2010 – April – NodeXL – Twitter – Cisco FR No Components Lay Out

Ordering smaller components in a graph – a NodeXL feature tip

From this:to this:  in just a few clicks.

Many network graphs contain disconnected smaller graphs, called “components”, within them.

Most layout algorithms do a poor job of managing to group each component in a separate space. Instead, often, components are laid over one another, suggesting connections that are not real.

A simple solution we have implemented in NodeXL is to offer to sweep up all the smaller components in the graph and order them in neat rows at the bottom of the canvas.  This feature was mentioned in a previous post, but finding the feature may not be obvious:

From the NodeXL network graph canvas toolbar, select the drop down menu next to the selected layout type.

This will display the following menu of layout choices and options:

Select the last option: “Layout Options…”

Which reveals:

Select the option: “Put the graph’s smaller components at the bottom of the graph“.  This dialog also presents other options related to how long the Fruchterman-Reingold layout should calculate and how strong the parameter that governs the force that pushes nodes away from one another should be.  You may find that changing these values improves the FR layout for your data.

Here is a graph that is mapped without the component ordering feature selected.  Many components are scattered around the chart.

This image represents the connections among a population of Twitter users who mentioned the term “Cisco“.  This chart was created using the Fruchterman-Reingold layout.  It is noisy and messy given the nature of the graph it has to render.

The Harel-Koren layout option is better but has a significant flaw: all the isolates are jumbled on top of one another in that smear at the center of the ring in the upper left of the graph.
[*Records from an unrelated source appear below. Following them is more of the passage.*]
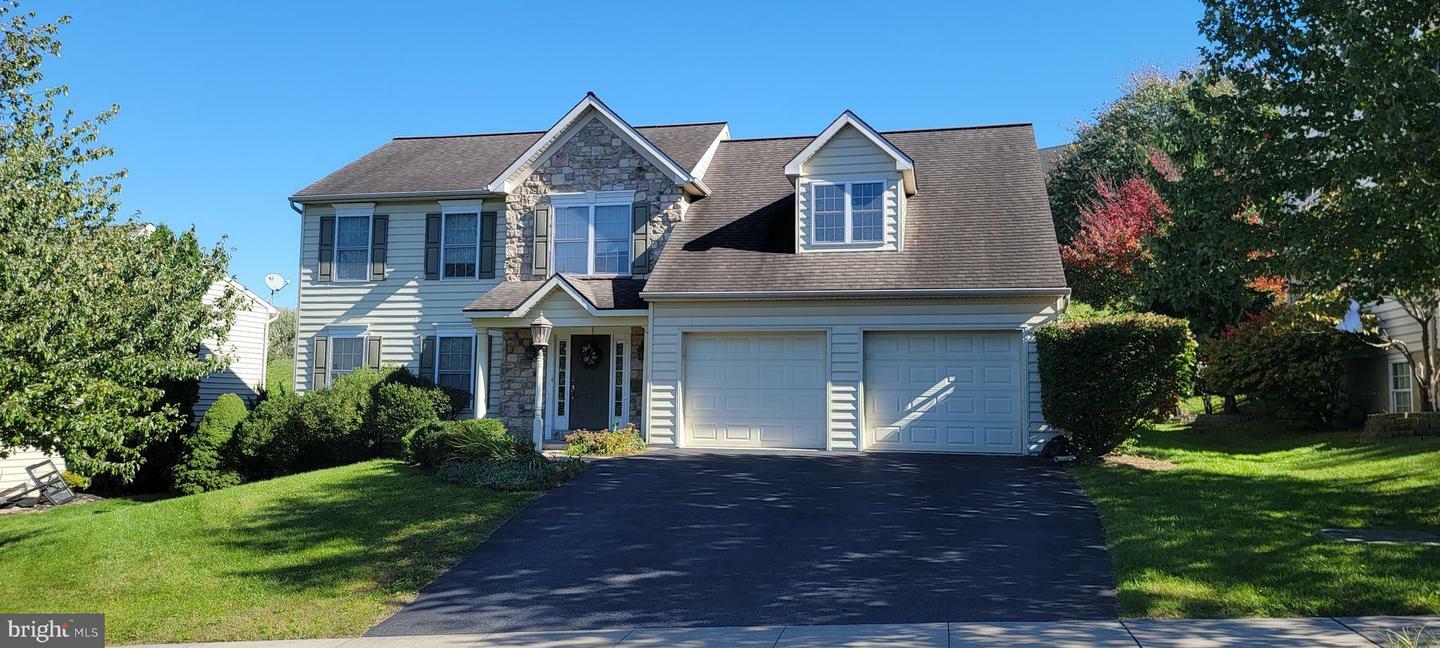 Property Photo:  659 Golden Eagle Way  PA 17601 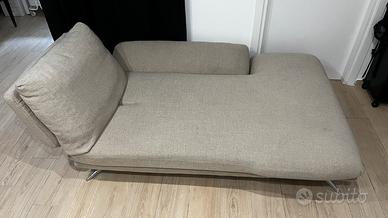 Divano chaise longue color beige di Poltonesofá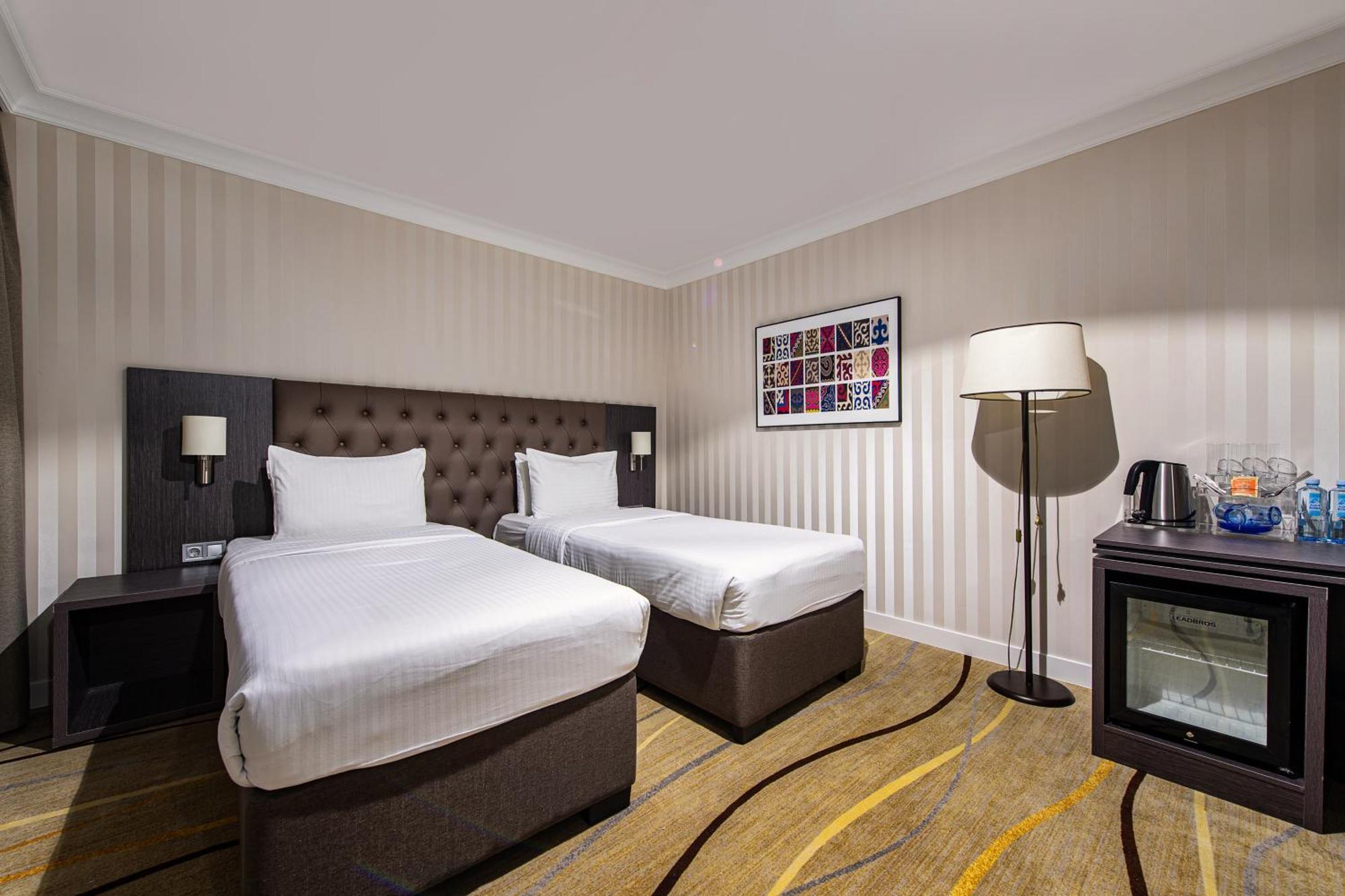 Shymkent Grand Hotel Εξωτερικό φωτογραφία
Here is the same graph created with the Harel-Koren layout with the added  “Put the graph’s smaller components at the bottom of the graph” option selected:

All the many lightly connected Twitter authors are lined up in size order (size is mapped to the number of followers that user has in Twitter).  This removes them from getting in the way of the “giant component”, the big connected group of Twitter users who both tweet the word “cisco” but also follow, mention, or reply to someone else who also mentioned the word “cisco”.  The core of this group is visible along with some peripheral groups or people who both mention the company and talk to other people who do as well.  The isolates mention Cisco but do not do so as part of a larger conversation (as seen at the time of this snapshot).

An additional tip: nodes are plotted on the screen in NodeXL in an order governed by the “Layout Order” column in the Vertices worksheet.  If we use the “Autofill Columns” feature we can easily set the Vertex Layout Order to the same value to which Vertex Size was set.  This has the effect of lining up the nodes by size, making a kind of histogram.  All the singletons or isolates, the nodes with no connections to any other node, line up first, then the dyads, the triads, and the quads.  Each larger sized component sorts from its smallest to its largest by the size of the largest node in the component.